Pictures are not part of the answer. Write out exactly the lines from the one containing "06.11.2025, GER, Frauenfußball, BL, 2025" through the end of the material below.
Material for this exercise Start Marker
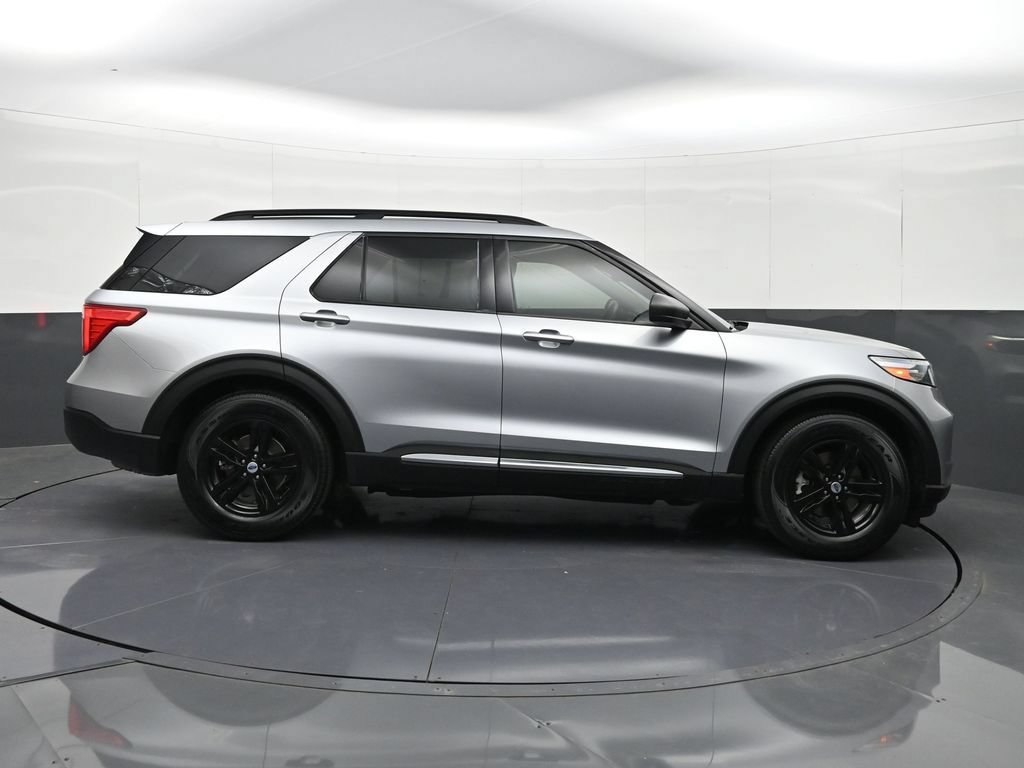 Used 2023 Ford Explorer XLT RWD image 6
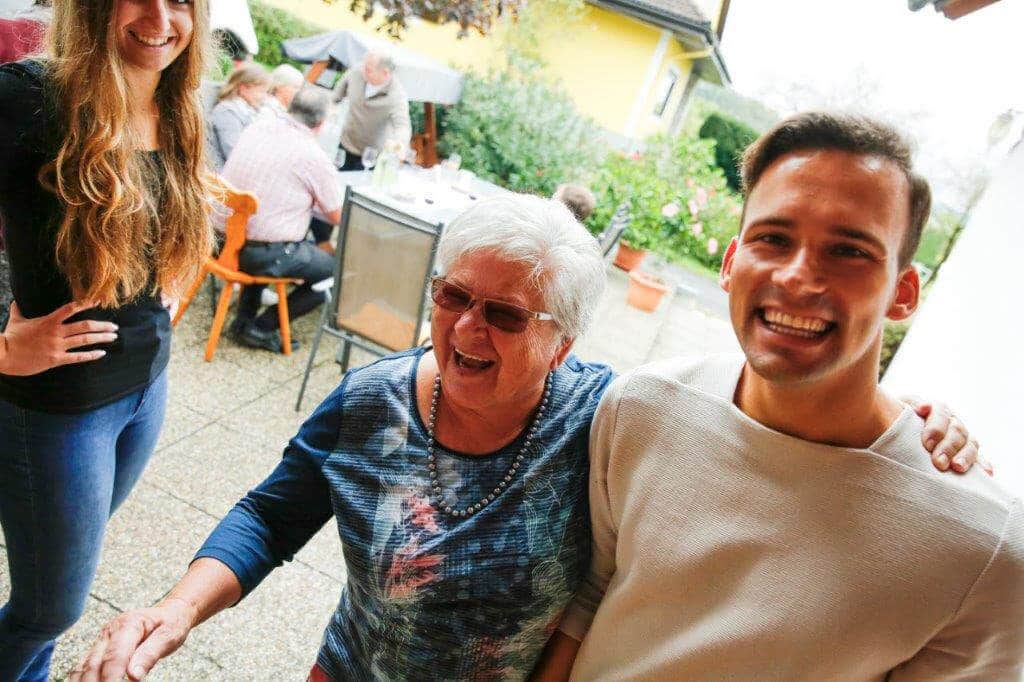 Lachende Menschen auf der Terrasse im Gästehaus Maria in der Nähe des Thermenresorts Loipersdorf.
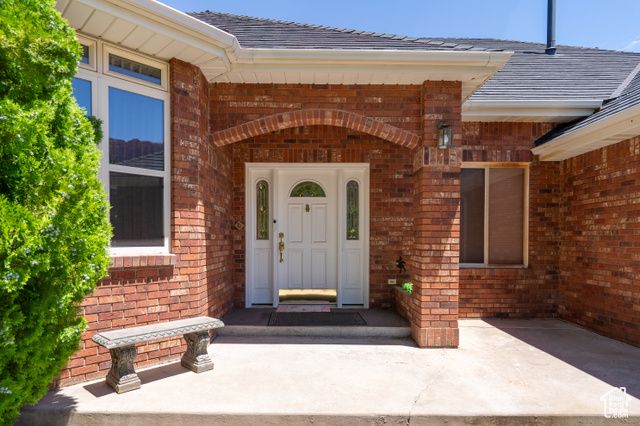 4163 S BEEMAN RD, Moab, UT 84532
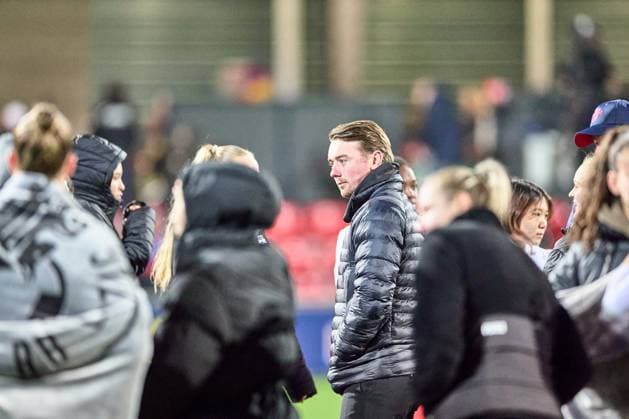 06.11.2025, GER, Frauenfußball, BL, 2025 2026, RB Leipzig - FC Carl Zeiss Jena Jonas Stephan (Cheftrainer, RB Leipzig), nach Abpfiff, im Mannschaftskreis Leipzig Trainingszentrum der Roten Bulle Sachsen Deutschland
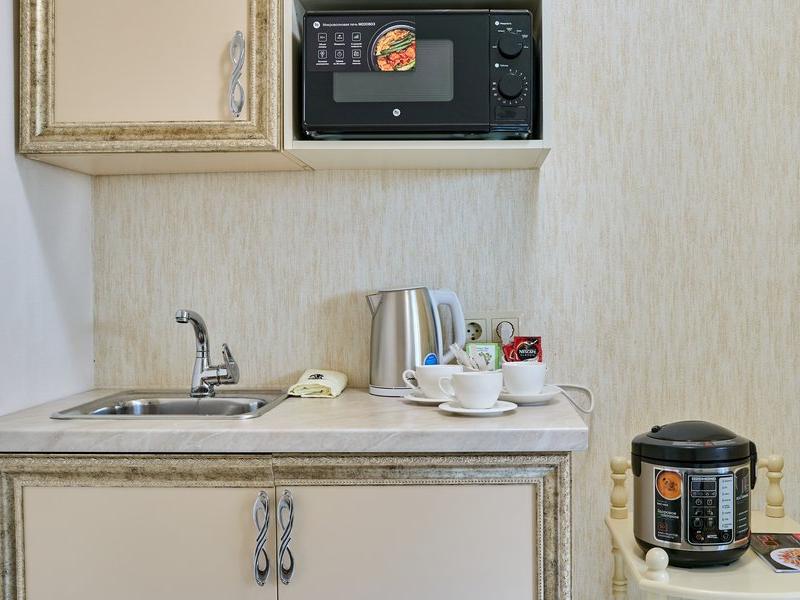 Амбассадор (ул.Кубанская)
Material for this exercise End Marker
◆ Solution for this task
 06.11.2025, GER, Frauenfußball, BL, 2025 2026, RB Leipzig - FC Carl Zeiss Jena Jonas Stephan (Cheftrainer, RB Leipzig), nach Abpfiff, im Mannschaftskreis Leipzig Trainingszentrum der Roten Bulle Sachsen Deutschland
 Амбассадор (ул.Кубанская)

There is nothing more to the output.